The world is empty. When it’s gray in the valley, it’s gray for an eon. The clouds stay no farther away than the tops of the trees and, moving closer to the ground, they push the air in, increasing its density and pressure. By the time I make it down to the bridge to the labyrinth, my ears are ringing. A pain grows behind my eyes, the air thick and mottled. The crumbling brick ford has by now been washed away by winter floods. Now there’s a couple of boards laid from one bank to the other, tethered by a plastic rope to a fence post at one end so it can be put back in place every spring when the water goes down.


I dig around in the blackberries for a long time before I find the mine shaft. The brambles are long and difficult to cut and untangle. I clip one, pushing down hard on the clippers with both hands, and then find a spot between the thorns to grab onto while I walk backwards across the creek, backing up into the blackberries on the other side and pulling out this long vine with me. It seems the best way to do things, but it’s very tiring and by the time I’ve opened up a big enough gap, the spots in my eyes have gotten so bright---


Imagine all this in black and white because that’s how it looks, in this kind of weather.
Make a list of the things you hate and throw it in the fire. You have no business feeling this way. The light coming out of your eyes isn’t light at all, and the rainbows spurting from your ears certainly aren’t rainbows. This rage isn’t becoming – but what exactly are you even trying to become?

Less than a mile into my first and only morning jog with Uncle Robert, I’m lying on the dusty road clutching my throat, gasping for breath. I mean, my first and only asthma attack. “It was terrifying.” But was it? And what did I see? 

 

In a dream a man dies. I awaken in a different room.
 

In the kitchen, Nick is cooking. It doesn’t matter what it is.
 

In the sink, a tub of cold water and bleach. This is how my grandmother does the dishes. The waste water drains out onto the hill. Somehow, the grass still grows greener there, or at least brighter.

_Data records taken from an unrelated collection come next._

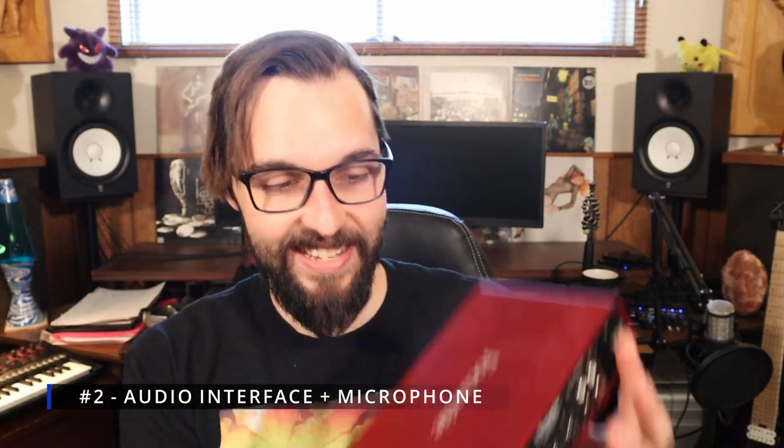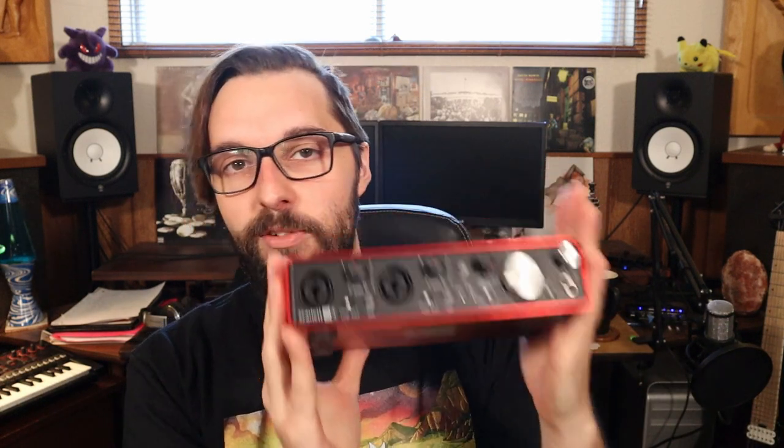Number two is an audio interface and a microphone. An audio interface allows you to record external sounds — vocals through a microphone, acoustic guitar, a synthesizer, electric guitar, bass — it takes that sound and brings it into your computer so you can manipulate, play with, and mix it in your software. I have to recommend this one if you're just getting started: the Focusrite Scarlett 2i4. I have had this for over 10 years and it has not failed me once. It's still working and I still use it to this day.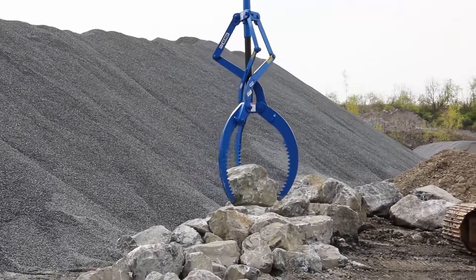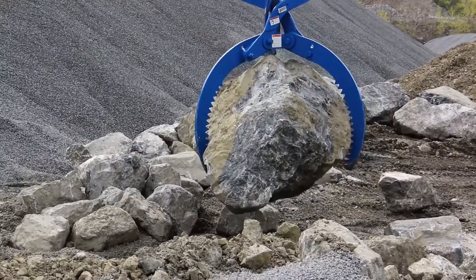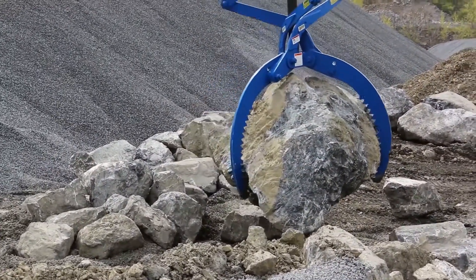If you're looking to lift a regular shaped object such as rock or debris, our Kenco Rock Lift is the attachment you need. It has a grip range of up to 60 inches and a maximum capacity of 12,000 pounds.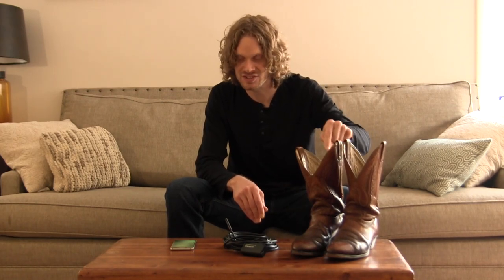It looks so bad, but just to see the indentations of my foot in this boot — it's obviously made a literal impression on these boots. These boots are now made for my foot, no other foot in the world. I don't care if you're the same size as me, you have a different foot. So I can't let anybody ever wear my boots. When I buy a pair of boots, those boots are mine, and I wear them so frequently that they become mine through and through, as you just saw in the insoles.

I mean this in the way you might take a gold pan and scoop up some mud from the bottom of the creek, then hold it in the cold, shallow water and rotate it slowly for several minutes, allowing the sand and lighter particles to float out of the pan as the heavier elements settle to the bottom. Eventually, something glistening.

 

To continue on like this with such focus and concentration that everything else becomes a wash and falls away. What is left then? That type of blankness couldn’t be said to be a blinding white. Neither a blur. Not a clarity of vision. Come, rest your ear against the rough – almost grating – bark of this tree, and tell me what sound it makes, the sap going up and down, or the beetles eating away at its interior.


And the walls, oak, and the trees, oak, and the ground not dirt but oak, or thick layer of dust over oak boards, or rocks not quartz but wood.


Grandpa says, “Wanna count my belly buttons?” and lifts up his shirt. We scream and turn our heads violently.